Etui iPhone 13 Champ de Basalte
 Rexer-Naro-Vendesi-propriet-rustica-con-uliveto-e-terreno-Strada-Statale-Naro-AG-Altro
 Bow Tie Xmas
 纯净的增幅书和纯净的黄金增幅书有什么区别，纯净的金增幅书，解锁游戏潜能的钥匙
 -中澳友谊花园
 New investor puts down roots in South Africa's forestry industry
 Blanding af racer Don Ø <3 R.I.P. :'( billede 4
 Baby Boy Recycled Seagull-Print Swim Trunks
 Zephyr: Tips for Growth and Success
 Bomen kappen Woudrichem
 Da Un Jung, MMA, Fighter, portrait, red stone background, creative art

» TO DO: Repeat every entry above exactly, leaving nothing out.

» EXERCISE SOLUTION:
Etui iPhone 13 Champ de Basalte
 Rexer-Naro-Vendesi-propriet-rustica-con-uliveto-e-terreno-Strada-Statale-Naro-AG-Altro
 Bow Tie Xmas
 纯净的增幅书和纯净的黄金增幅书有什么区别，纯净的金增幅书，解锁游戏潜能的钥匙
 -中澳友谊花园
 New investor puts down roots in South Africa's forestry industry
 Blanding af racer Don Ø <3 R.I.P. :'( billede 4
 Baby Boy Recycled Seagull-Print Swim Trunks
 Zephyr: Tips for Growth and Success
 Bomen kappen Woudrichem
 Da Un Jung, MMA, Fighter, portrait, red stone background, creative art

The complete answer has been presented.